The SMS: Just the Change #
Now imagine a system handling millions of events per second. Sending full payloads for every change would swamp the network, overwhelm storage, and slow everything down. So instead, you send just the change—like an SMS: short, precise, and to the point.
{
"entityId": "8b0a723a-d287-02d0-0000-000000000000",
"eventType": "OrganizationUpdated",
"timestamp": "2025-01-01T00:00:00Z",
"diff": {
"tier": { "old": "community", "new": "enterprise" }
}
}
This “diff” style is hyper-efficient. Only the updated fields are included, reducing data transfer to the bare minimum.
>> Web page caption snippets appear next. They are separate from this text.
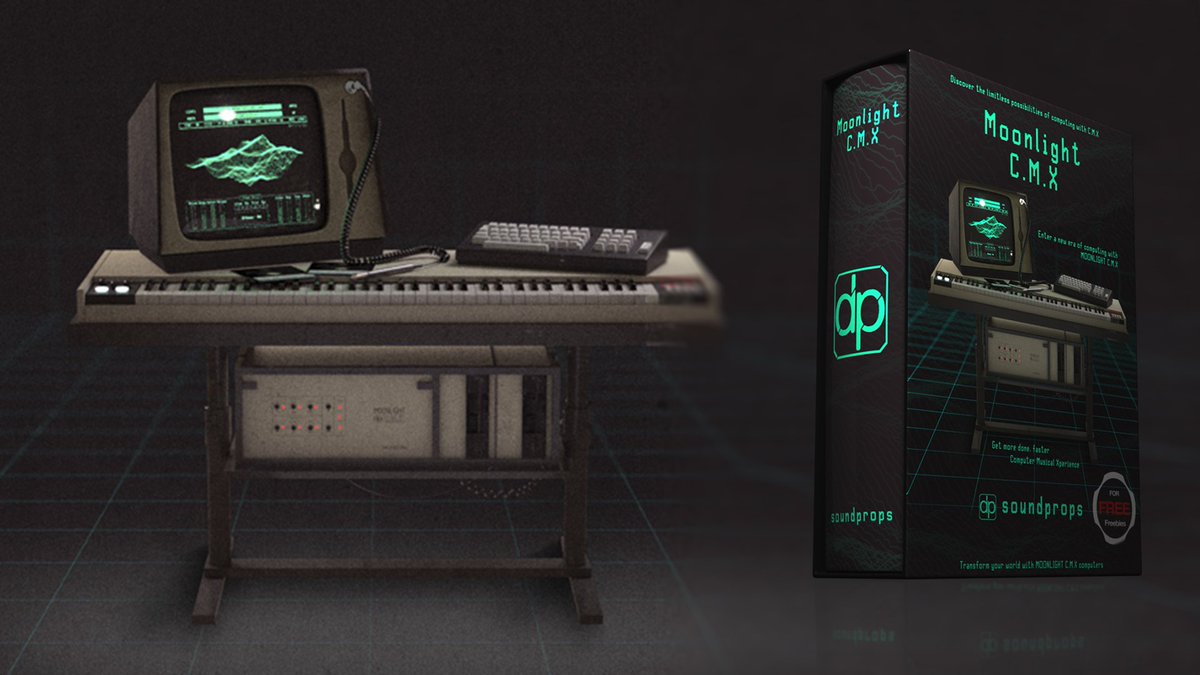 FOR FREE    -   New release, The incredible retro sound of a pioneer machine in the music industry. Moonlight CMX, Now for free. for Kontakt Full soundprops.com #kontakt #synth #nativeinstruments #retro #vintage #fairlight #fairlightcmi #daw #vst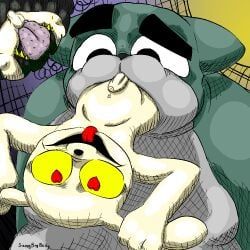 guillotina_(mewgenics), mewgenics, anal, anthro, average_penis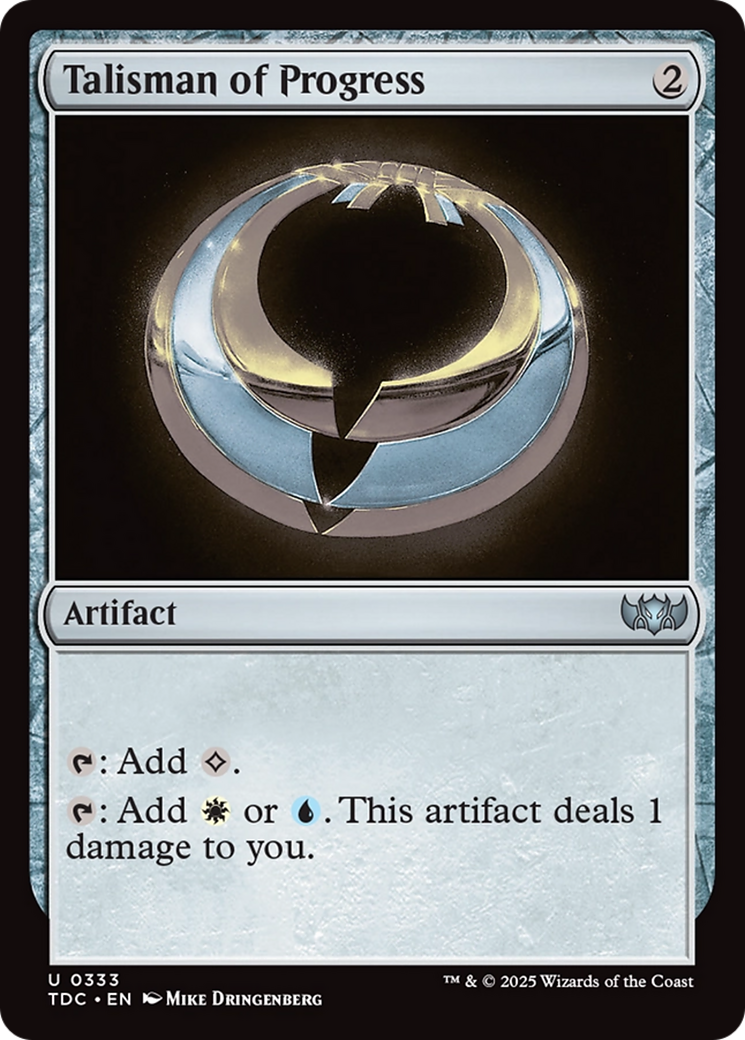 Talisman of Progress [Tarkir: Dragonstorm Commander] | Gaming Infinity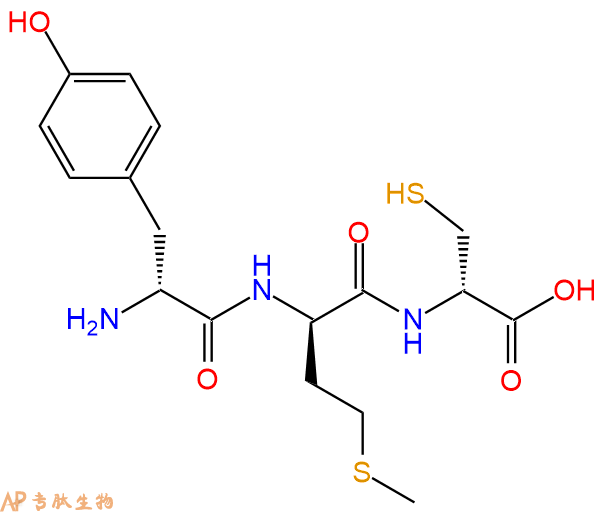 专肽生物产品H2N-DTyr-DMet-DCys-OH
It shines in high-throughput environments—think sensor streams, telemetry feeds, or financial tickers—where the volume is relentless and every byte counts.
But that efficiency comes with a cost. Consumers can’t just read the message—they have to rebuild state from it. That means strict event ordering, bulletproof replay logic, and durable event stores. Miss an event, or process them out of order, and things break in subtle, painful ways.
It eases the network—but puts pressure on your infrastructure. Now your system needs to retain years of events, handle rehydration correctly, and guard against every edge case in the playback path.
It’s a powerful pattern when scale demands it. But it’s not the default.
You’ve made the system lean—but only by moving the weight somewhere else.
What They Need to Hear #
In the end, building good event-based systems is less about how you publish, and more about how you listen. About understanding who’s on the other end—and what they need from you.
What do they know? What do they need? What can they rely on?
That’s the real design work. Not picking Kafka or SQS or whatever messaging layer is popular this week.
So the next time you’re designing an event message, start by asking: What should we put in it?
And then ask a better question: Who’s listening?